Uncle Patrick has been helping cast "ethnic-looking" people for a New Testament movie and he actually got cast for a role as well. He's been growing his beard out and his beard happens to be red, probably due to our mysterious Irish background. He told me that they are going to make him dye it black for the filming and I was like, "Why? It's not completely unusual for people in that region to have red hair?"

Apparently the audience needs to recognize characters as quintessentially ethnic within just a few seconds which means that they play up a lot of stereotypes. If this sounds like stereotyping that's probably because it is.

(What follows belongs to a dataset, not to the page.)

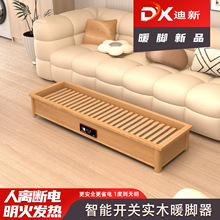 ��ľȡů�����ÿ���t늻�Ͱ���ܟ����ٟ�ů�_�k�����_��늼ӟ�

Anyway, here's the beautiful Josie with her "graduation" certificate.

Wednesday, August 11, 2010

StarTalk Banquet/Happy Ramadan

Ramadan began yesterday at sundown. As happenstance allowed it was the closing banquet for Josie’s Arabic StarTalk program at BYU. Though the food was not quite Middle-Eastern we still enjoyed ourselves and it was fun to go support Josie.

Rachel wore her outfit from Morocco. She looked very cute and everyone was jealous of it. She was only sad because we had to go home which meant that bedtime was eminent. Naanii is wearing her shirt from Egypt.

IMG_8675

Miriam wore an Egyptian shirt, too, though it was far too large for her since Grandma bought if for Rachel when she was about 15 months old. Unlike Rachel, Miriam was anxious to get home. My mom sat in the backseat between them and on one side a child was howling about not wanting to go to bed, while on the other side a child kept dozing off.

IMG_8678

I wore an outfit I picked up in Jordan and Andrew just wore (boring) Western clothes. I tried to convince him to wear his gallabia, but he wouldn’t.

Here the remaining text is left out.